Ich meine natürlich die von Dieter Eisele, das keine Verwirung auftaucht 
Warum kann man eigentlich seine Komentare nicht editieren ;+



> Diese exklusiven Brandungsvorfächer von Dieter Eisele werden in Deutschland per Hand geknüpft. Hierbei werden nur die besten Materialien verwendet, wie z.B. Kamasanhaken, Berkley Trilene Schnüre, Sovik-Wirbel, Lil-Corky Perlen, Breakaway Clips und Zubehör. Nur die Kombination dieser hochwertigen Materialien und die Erfahrung der „Vorfachknüpfer“ lassen diese Vorfächer sicher und fängig sein. Nicht zuletzt spielen die Erfahrungen und die Entwicklung der Deutschen Damen-Nationalmannschaft im Brandungsangeln des DMV in unsere Select-Brandungsvorfächer ein.


----------



## Agalatze (11. Juni 2006)

*AW: brauchbare Vorfächer zum Brandungsangeln, wo am bessten kaufen?*



			
				Sleepy Hollow schrieb:
			
		

> Ich meine natürlich die von Dieter Eisele, das keine Verwirung auftaucht
> Warum kann man eigentlich seine Komentare nicht editieren ;+


 
also ganz ehrlich... toll sind die systeme nicht !
für den anfänger der überhaupt keine ahnung hat, und keine binden kann,
ist das sicher ok, aber ansonsten viel zu teuer und auch nicht gerade super.
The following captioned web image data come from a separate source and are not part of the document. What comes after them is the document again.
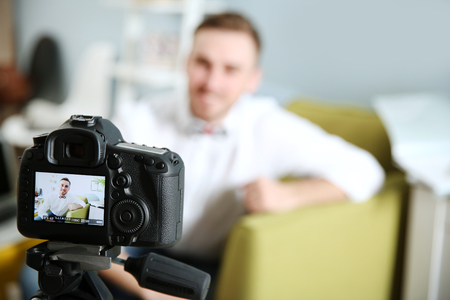 Young male blogger on camera screenの写真素材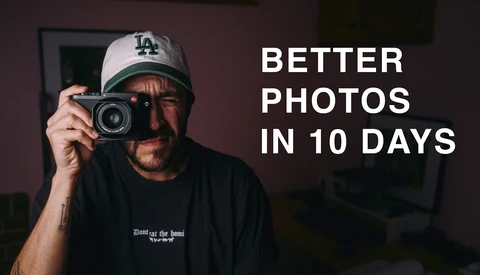 Photographer holding vintage film camera wearing LA Dodgers cap against dark interior backdrop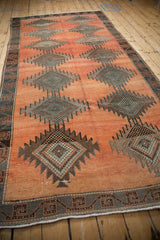 Distressed texture of serrated diamond motifs and geometric border in terracotta and silver tones.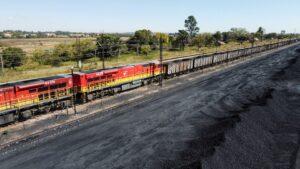 A Transnet Freight Rail train is seen next to tons of coal mined from the nearby Khanye Colliery mine, at the Bronkhorstspruit station, in Bronkhorstspruit, around 90 kilometers north-east of Johannesburg, South Africa. www.theexchange.africa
ach ja... und die erfahrungen der damen-nationalmannschaft spielen da auch keine rolle. die werden zwar gesponsert, aber entwickeln keine vorfächer. das wurde vor jahren wohl mal so gemacht, aber jetzt nicht mehr.


----------



## Hadley (17. Juni 2006)

*AW: brauchbare Vorfächer zum Brandungsangeln, wo am bessten kaufen?*

*Ich habe mir im Mai 5 Vorfächer für 70 Kronen beim *
*Händler gekauft,mit Blei und allem Zipp & Zapp.*
*Da habe ich nur die Knoten ein wenig bearbeitet,*
*und das Blei das nur eingeschlauft war richtig*
*befestigt.*
*Habe damit 3 Wochen geangelt,und mir nur eins*
*abgerissen.*
*Jetzt bin ich kein Profi ( Brandugsangeln leider nur*
*im Urlaub ),aber die Dänen angeln auch damit,und*
*ich denke die wissen was sie tun.*
*Meine beiden Kumpel haben mit selbstgeknoteten*
*Vorfächern geagelt,( mit Spinnerblättchen und*
*Lockperlen )unterschiede in der fängigkeit waren*
*da nicht festzustellen.#c *

*Gruß: Hadley #h *


----------



## Agalatze (17. Juni 2006)

*AW: brauchbare Vorfächer zum Brandungsangeln, wo am bessten kaufen?*



			
				Hadley schrieb:
			
		

> *Ich habe mir im Mai 5 Vorfächer für 70 Kronen beim *
> *Händler gekauft,mit Blei und allem Zipp & Zapp.*
> *Da habe ich nur die Knoten ein wenig bearbeitet,*
> *und das Blei das nur eingeschlauft war richtig*
> ...


 
ich weiss ja nicht wie ihr das gemacht habt, dass die systeme 3 wochen gehalten haben, aber nun gut...
ob die dänen damit angeln oder auch nicht... vielleicht waren das auch nur anfänger. aber in der regel fangen sie selber gebauten besser.


----------